Using human induced pluripotent stem cells to improve our understanding of Idiopathic Pulmonary Fibrosis

Using human induced pluripotent stem cells to improve our understanding of Idiopathic Pulmonary Fibrosis

Funding Type: 
Tissue Collection for Disease Modeling
Grant Number: 
IT1-06570
Award Value: 
$811,231
Disease Focus: 
Respiratory Disorders
Status: 
Active
Public Abstract: 
Idiopathic Pulmonary Fibrosis (IPF) is a progressive and generally fatal disease that causes scarring of the lungs and therefore an inability to breathe. Its true prevalence is unknown, as it may go unrecognized for many years, but it is generally thought to affect more than 200,000 people in the USA and is five times more common than cystic fibrosis or amyotrophic lateral sclerosis. The mortality from the disease is very high with about two-thirds of patients dying within five years of diagnosis. The cause and reasons for progression of disease are unknown, but are likely complex and multifactorial, involving genetic predisposition and environmental exposures. A small percentage of cases run in families. Our lack of therapies and understanding of IPF may in large part be due to the fact that there are no good models of the disease. Therefore, the potential development of a model of IPF from iPSC derived from IPF patients would be a major advance for the field and has the potential for drug and pathway discovery that would make a huge impact on patients’ lives. [REDACTED] has one of the largest IPF clinics on the west coast and has a Clinical Trials Group and a registry for IPF. Here we propose to recruit IPF patients from the IPF clinic to donate a blood sample for iPSC derivation. We will also track their demographic and medical data. These iPSCs will then be used for disease modeling of IPF followed by high throughput drug discovery testing to identify therapies for IPF.
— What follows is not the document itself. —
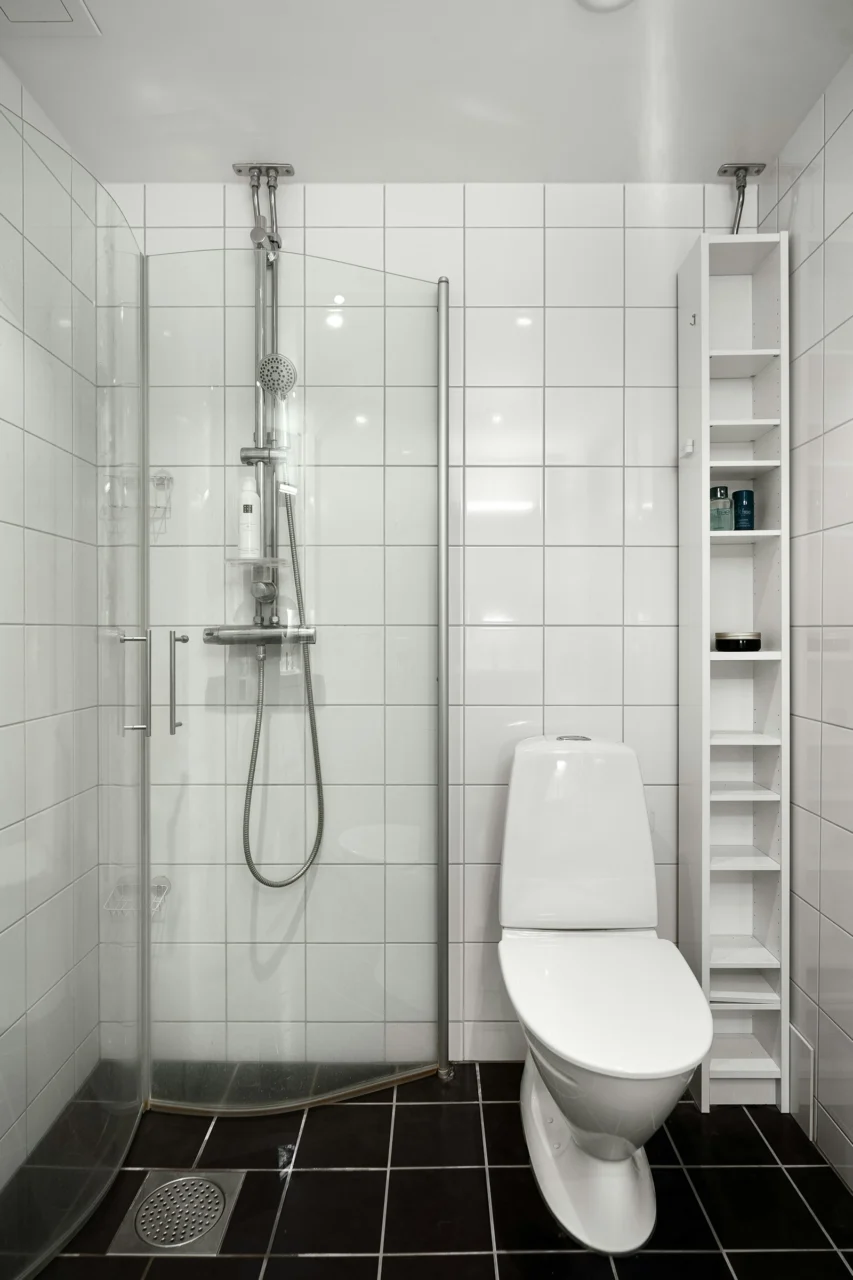 How to Organize a Small Bathroom Without Installing More Cabinets interior: 6. Adopt a “One In, One Out” Routine Paired with Clear Storage Containers - Even the most intelligently designed space can become chaotic if the volume of products exceeds the storage capacity. Establishing a habit where every new bottle that enters the bathroom replaces an existing one keeps the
Statement of Benefit to California: 
Idiopathic pulmonary fibrosis (IPF) is a devastating fatal lung disease that usually occurs in the 7th decade of life. The disease causes scarring of the lungs that make it impossible to breath. The prevalence of IPF is on the rise and expected to double in the next 20 years as the U.S. population continues to age. The prevalence worldwide in the population that is greater than 65 years of age is predicted to be around 125 IPF cases per 100,000 people. California, the most populous state, is also the state with the largest number of people 65 years of age and over (3.6 million people in the year 2000) and therefore the prevalence of IPF in the USA is highest in California with over 5,000 cases. By virtue of the severity of this disease, patients will almost always progress to end stage lung failure and the only therapy available is a lung transplant. In addition to the suffering and disability that IPF causes, the costs associated with caring for patients with IPF, including lung transplant costs, are extremely large. For example a single lung transplant costs roughly $400,000 and this doesn’t include all the follow up care needed post-transplant or any complications. Improving our understanding of and identifying therapies for IPF will therefore have a major impact on patients in California with IPF. Firstly, it will reduce much pain and suffering and secondly it will reduce costs and free up donor lungs, that are in short supply, for other end stage lung disease patients.